I’ve seen some terrible budget advice as far is safety is concerned, no you DON’T always need to take a local bus after dark if you feel safer spending more on a taxi. You SHOULD spend extra on the accommodation you feel safe in, or on a hotel instead of camping in an area which you don’t know very well.

Pay extra to go on a hike with a well-reviewed tour company or cheap local guide from your hostel rather than going up on a mountain on your own when you’re not an inexperienced hiker. I have got lost on a hike before – thankfully it was a crowded route and I found my way back to the main path or I wouldn’t have done it. That could be a recipe for disaster!

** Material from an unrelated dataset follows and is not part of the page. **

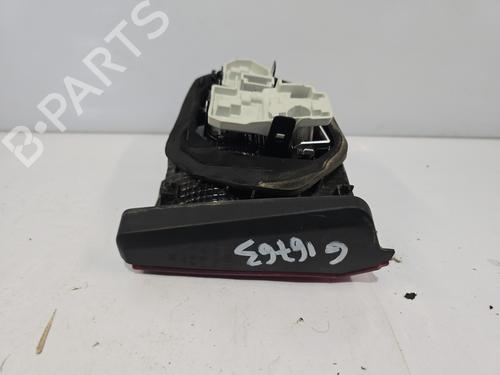 Used Left tailgate light Left tailgate light VW GOLF SPORTSVAN VII (AM1, AN1) 1.6 TDI (110 hp) 30939227 30939227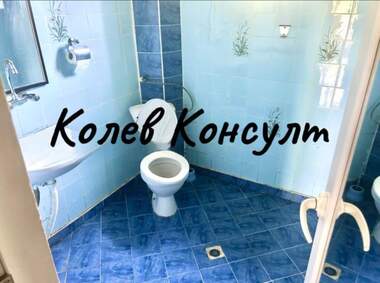 For sale - Apartment in Dimitrovgrad,  Haskovo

Solo travel is a hugely EMPOWERING experience and you will be amazed at how SELF-SUFFICIENT you are!

But it’s NOT a competitive sport to sound the bravest or most independent traveller out there. If you are the most sensible and safe solo traveller out there, what you’re doing is STILL extraordinary! So don’t cut any corners when it comes to self-preservation, yeah? You want to make sure you’re telling these stories for many years to come.

Enjoy it!!

You’re in for a wild ride and you’re going to LOVE this part of your life! So make the most of it, say YES to new experiences and get yourself out there. The world has so much to show you. Good on ya for taking the leap!